On this page I am planning to publish a series of essays on language and values. Most of these essays will be about a single word; how we use it, what problems there are, and how we might use it better. Of course, I have to use other words to write the essay. As the Austrian thinker and reformer Otto Neurath said, one is always repairing the boat when already afloat. Other essays may take a phrase or a general theme in the workings of language. I aim to publish at least one a fortnight.
One name for what I am doing here is ‘philosophy’. This is not a discipline that you need a qualification or training in to practice, though the concepts and patterns that have been developed in various philosophical traditions can help. Languge is intrinsically communist; it belongs to us all and we all make it together. If we remake our language reflectively, in awareness of the traditions of thought that have gone before, we are doing one (not the only) kind of philosophy.
My general take on language: words of the kind I’m going to write about here do not usually denote a single concept, but a field of meaning. No-one has absolute ownership of a bit of language, though sometimes it makes sense to obey the rules of a particular technical discipline. How we should use a word is an ethical question: clarity and precision may matter; etymology and intellectual tradition may help; and it will above all depend on what we want to use the word for. I shall sometimes write about words outside English. Translation, I think, is always a compromise: words in different languages belong to different webs and differ physically even if they denote the same thing.
In some cases, it’s helpful to develop a single concept rather formally and pin a single name to it, as Anglo-Saxon philosophers like to do. I shall sometimes distinguish between (1) foundations – what makes a statement about X true or false ? (2) definitions – what does (or should, or might) the term X mean ? – (3) accounts – what sorts of thing generally are X ? and (4) specifications – what sorts of thing are X here and now ? When I write about the good, I take care to distinguish these, because I have a particular definition and account to defend; but it’s not always useful to be so formal.

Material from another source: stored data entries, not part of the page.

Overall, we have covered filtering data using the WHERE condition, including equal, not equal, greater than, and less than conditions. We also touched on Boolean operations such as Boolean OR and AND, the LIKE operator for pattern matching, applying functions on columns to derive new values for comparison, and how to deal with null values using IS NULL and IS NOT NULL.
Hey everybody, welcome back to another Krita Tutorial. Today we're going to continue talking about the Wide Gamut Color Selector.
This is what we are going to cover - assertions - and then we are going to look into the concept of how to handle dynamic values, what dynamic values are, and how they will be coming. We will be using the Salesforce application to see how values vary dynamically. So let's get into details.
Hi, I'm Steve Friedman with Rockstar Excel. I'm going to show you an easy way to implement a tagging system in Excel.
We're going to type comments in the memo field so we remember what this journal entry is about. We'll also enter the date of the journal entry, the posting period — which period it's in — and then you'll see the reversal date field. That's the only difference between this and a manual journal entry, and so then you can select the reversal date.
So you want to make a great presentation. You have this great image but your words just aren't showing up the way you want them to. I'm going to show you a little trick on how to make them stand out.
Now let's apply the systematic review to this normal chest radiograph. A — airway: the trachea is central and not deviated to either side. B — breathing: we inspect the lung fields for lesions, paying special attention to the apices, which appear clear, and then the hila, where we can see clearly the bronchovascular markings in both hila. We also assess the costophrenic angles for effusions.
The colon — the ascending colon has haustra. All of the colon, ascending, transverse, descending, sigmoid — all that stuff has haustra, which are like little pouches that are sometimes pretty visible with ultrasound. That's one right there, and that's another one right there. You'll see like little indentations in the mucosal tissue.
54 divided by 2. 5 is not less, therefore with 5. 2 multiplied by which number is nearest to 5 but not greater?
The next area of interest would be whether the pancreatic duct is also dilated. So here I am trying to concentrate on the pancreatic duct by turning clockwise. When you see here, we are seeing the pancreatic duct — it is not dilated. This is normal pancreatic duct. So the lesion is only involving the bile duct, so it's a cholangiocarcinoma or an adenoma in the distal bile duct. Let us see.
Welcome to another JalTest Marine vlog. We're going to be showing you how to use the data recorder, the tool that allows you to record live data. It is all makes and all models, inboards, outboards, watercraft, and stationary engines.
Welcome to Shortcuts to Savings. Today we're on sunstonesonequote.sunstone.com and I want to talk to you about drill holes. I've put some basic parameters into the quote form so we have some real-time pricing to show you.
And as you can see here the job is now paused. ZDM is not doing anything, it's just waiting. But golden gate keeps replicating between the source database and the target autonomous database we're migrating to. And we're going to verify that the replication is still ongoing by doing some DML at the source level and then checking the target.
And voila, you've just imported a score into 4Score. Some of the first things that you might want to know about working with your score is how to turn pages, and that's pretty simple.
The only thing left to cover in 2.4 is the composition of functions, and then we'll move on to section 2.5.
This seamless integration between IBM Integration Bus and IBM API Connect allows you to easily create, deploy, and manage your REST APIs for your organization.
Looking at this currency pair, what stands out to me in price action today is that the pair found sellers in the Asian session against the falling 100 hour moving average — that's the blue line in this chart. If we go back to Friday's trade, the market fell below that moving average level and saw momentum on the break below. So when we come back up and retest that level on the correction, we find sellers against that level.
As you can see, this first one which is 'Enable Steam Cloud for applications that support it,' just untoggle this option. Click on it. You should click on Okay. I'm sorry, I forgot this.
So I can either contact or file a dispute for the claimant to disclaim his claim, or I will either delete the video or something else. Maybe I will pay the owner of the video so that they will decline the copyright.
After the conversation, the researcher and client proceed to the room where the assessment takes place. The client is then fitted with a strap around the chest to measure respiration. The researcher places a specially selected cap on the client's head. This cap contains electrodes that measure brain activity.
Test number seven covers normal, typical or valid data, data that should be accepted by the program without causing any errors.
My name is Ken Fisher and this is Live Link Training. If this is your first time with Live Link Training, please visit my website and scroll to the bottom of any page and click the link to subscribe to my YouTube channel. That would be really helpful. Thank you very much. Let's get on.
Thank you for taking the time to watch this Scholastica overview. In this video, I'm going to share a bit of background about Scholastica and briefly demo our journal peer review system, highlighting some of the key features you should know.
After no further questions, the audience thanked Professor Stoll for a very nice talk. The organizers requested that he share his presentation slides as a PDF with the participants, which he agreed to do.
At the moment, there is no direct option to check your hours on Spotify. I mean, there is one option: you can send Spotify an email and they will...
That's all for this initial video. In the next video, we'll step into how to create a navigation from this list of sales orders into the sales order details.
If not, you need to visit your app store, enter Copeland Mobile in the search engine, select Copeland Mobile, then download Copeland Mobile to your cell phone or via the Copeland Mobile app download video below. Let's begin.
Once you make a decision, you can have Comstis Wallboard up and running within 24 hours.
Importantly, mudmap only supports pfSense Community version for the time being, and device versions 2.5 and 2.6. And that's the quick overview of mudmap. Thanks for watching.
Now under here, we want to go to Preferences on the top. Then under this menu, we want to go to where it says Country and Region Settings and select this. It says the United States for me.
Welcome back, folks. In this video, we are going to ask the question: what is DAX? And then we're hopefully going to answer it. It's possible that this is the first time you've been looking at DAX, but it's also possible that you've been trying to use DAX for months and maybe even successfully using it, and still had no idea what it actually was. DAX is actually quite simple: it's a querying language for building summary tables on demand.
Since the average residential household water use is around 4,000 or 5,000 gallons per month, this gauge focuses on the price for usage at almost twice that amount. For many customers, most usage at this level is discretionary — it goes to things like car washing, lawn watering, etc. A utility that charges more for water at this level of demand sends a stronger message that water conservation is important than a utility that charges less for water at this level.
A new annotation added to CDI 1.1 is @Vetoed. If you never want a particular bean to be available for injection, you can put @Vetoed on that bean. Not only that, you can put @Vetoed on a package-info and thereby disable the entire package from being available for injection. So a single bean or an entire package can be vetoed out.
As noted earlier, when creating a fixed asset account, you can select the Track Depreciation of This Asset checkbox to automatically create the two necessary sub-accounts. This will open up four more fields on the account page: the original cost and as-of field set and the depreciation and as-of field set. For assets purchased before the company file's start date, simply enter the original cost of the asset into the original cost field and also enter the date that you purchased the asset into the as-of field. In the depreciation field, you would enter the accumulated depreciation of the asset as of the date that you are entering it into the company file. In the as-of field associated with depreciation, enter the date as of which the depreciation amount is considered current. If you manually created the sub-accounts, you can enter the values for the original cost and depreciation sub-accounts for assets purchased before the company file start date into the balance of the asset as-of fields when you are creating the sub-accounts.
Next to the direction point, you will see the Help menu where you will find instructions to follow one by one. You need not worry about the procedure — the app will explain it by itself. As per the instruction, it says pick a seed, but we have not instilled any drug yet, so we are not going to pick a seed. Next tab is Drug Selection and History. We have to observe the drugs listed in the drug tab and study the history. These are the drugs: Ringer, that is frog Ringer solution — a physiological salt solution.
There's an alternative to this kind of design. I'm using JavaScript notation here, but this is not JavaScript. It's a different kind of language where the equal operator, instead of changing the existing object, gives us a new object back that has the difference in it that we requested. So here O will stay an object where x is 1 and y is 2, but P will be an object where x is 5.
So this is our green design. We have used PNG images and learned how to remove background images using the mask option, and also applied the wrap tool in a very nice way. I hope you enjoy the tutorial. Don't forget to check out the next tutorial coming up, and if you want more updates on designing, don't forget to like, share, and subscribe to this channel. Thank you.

My perspective on values might be called liberal, leftist and poetic. Liberal, in that I take ‘negative’ or ‘objective’ freedoms like freedom of speech seriously; leftist, in that I think the world we have is wildly unjust and that the hierarchical structure of capitalism may not be the best bet for the future of humanity; and poetic, in that my belief in the play of language and concepts prevents me subscribing absolutely to any fixed point in language, and that I take the evocative and physical properties of words seriously. Poetry’s physical embodiment is as much an escape from the tyranny of meaning as the expression of meanings.
Intellectual sources include Greek, European and Anglo-Saxon philosophy; Buddhism; psychology and psychoanalysis; economics (which is my professional background); chess; and poetry in a number of languages. At the heart of my approach is a conception of the human good which owes a good deal to Aristotle and will be discussed in the essay (or essays) on ‘good’. Other terms of value (freedom, equality, happiness, …) gain much of their credibility from the light they shed on the good and the ways in which their intelligent use can contribute to its promotion. If freedom and equality are good things it is at least partly because they tend to make life better.
Among the trickiest words in our whole culture is the term ‘expert’. This blog is neither exclusively for specialists nor a work of popularisation; it tries to offer some new ideas, it draws unapologetically on a wide range of traditions, and it is written for the general intellectual. Reader, that means you.